Fabius: Agreement by Saturday
Dec. 11, 2015
Delegates in Paris are scrambling to reach a framework agreement to limit greenhouse gas emissions. As the deadline approached, NHK World spoke exclusively with French Foreign Minister Laurent Fabius.
He expressed his confidence that an agreement will be reached soon, and that it will likely happen on Saturday.
Fabius was speaking after another night of tough negotiations on the wording of the final agreement:
"The atmosphere is positive. Things are moving forward. Now I have to consult with different groups. Therefore I'll make my proposal on Saturday morning and the decision will be taken on Saturday at noon," he said
The statement represented the first time for Fabius to publicly state that an agreement is about to be reached by all member parties.
What he told NHK World is that the international community is entering a new era where every nation recognizes the need to tackle global warming, and for the first time ever, all countries, whether rich or poor, participate in a framework to reduce carbon emissions.
The latest version of the draft no longer contains legally binding emission targets for each nation.
Instead, it obliges every country to review both the targets, and the measures to achieve them, every five years.
The draft also calls on all countries to pursue efforts to limit the global average temperature increase. It seeks to keep it no higher than 1.5 degrees Celsius above pre-industrial levels.
A major topic of disagreement is financial support to help developing countries cut emissions without compromising their economic growth. The draft agreement proposes an increase in support from developed nations, up from the current pledge of 100 billion dollars annually.
But developed countries are thought to be against the draft if it stipulates that they provide additional support to developing countries.
Masako Konishi, a climate energy project leader for World Wide Fund for Nature Japan spoke with NEWSROOM TOKYO anchor Sho Beppu.
Beppu: Masako, how’s the mood in the meeting there?
Konishi: We are all really sleep-deprived since Sunday. The negotiation has been going on around the clock for five days... but I believe that the management of the COP president is very well-organized and we are really trusting him to manage to the end, so there is a really good atmosphere.

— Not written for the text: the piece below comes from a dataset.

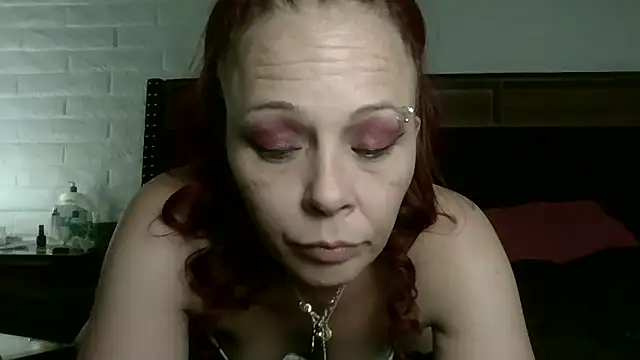 nikkibae33 online show from 05/04/26, 04:38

Beppu: French government officials proposed a draft in which all the countries are supposed to submit targets every five years, but they are not required to achieve them -- what do you think of this point?
Konishi: Well, this was discussed already, two or three years back. It’s for the US, so we all want the US on board. In order to do so, we needed to have a legally binding agreement, but not be legally bound to achieve the target. Instead, we do have this five-year review system, which can ensure the compliance of the target instead. It’s not a bad outcome.

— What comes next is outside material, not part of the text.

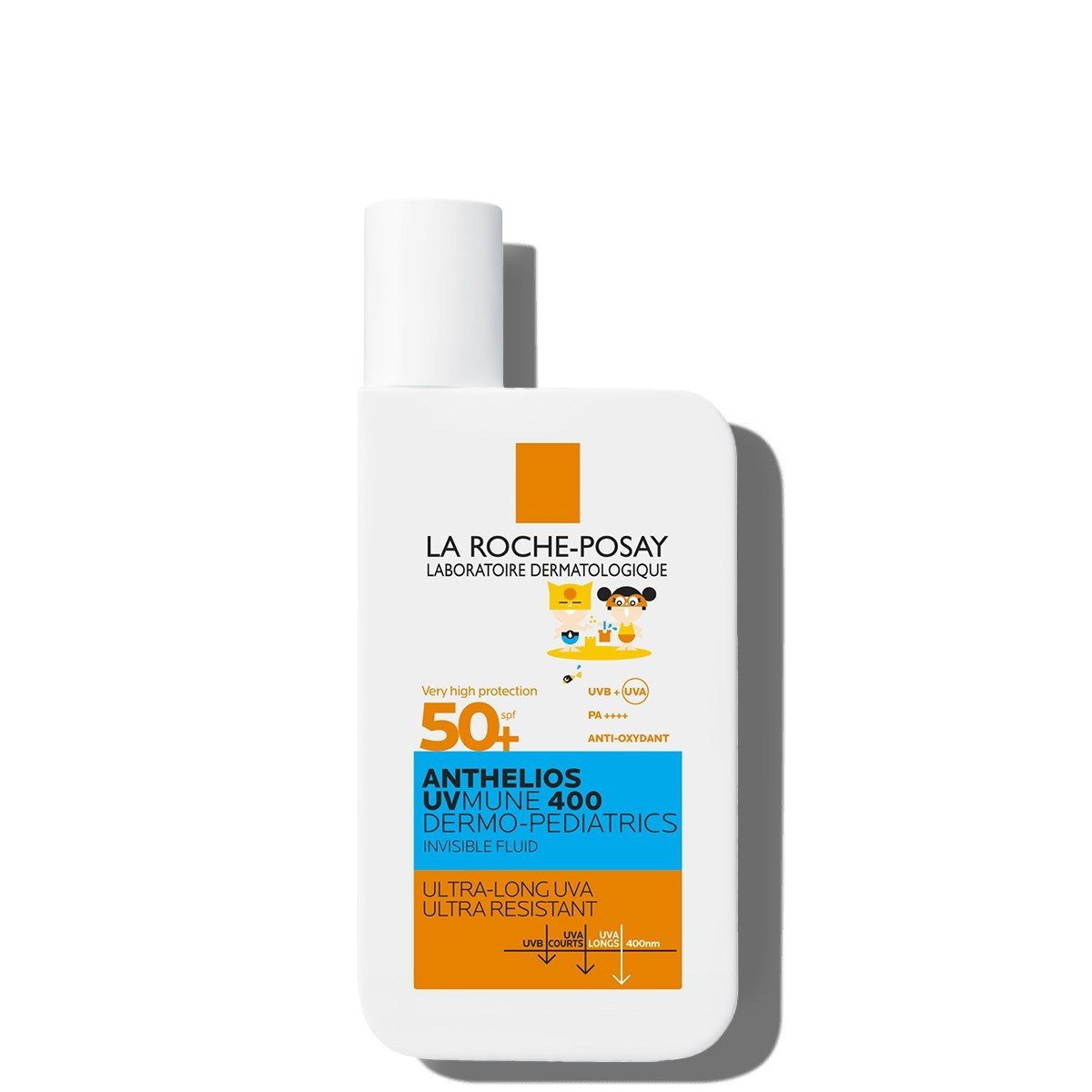 lrp-anthelios-uvmune-dp-fluid-pack-front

Beppu: What’s your take on financial aid for developing nations?
Konishi: Well, finance is always a really sticky issue. And not only finance, but also mitigation, adoption and loss and damage -- all are really sticky with differentiation. Differentiation -- how to differentiate the poor and rich nations and then try to come up with a new differentiation between all parties -- is always a sticking point. This is really a sticking point since 1990 and we never crossed this bridge, so we are going to see a historical turning point, where there is a new way to bridge the gap between these developed and developing countries.
Beppu: Can I understand that you have a very positive stance vis a vis this draft?
Konishi: Well, I hope so -- the text that we saw yesterday was really not a bad one. But we are hearing a lot of noises and rejections and concerns coming out of countries towards this text. So, before finalizing the text there will be a lot of negotiations still, but it will be a good starting point, so we hope to get as strong and binding an agreement as possible tomorrow so that we can have a good starting point to counter global climate change.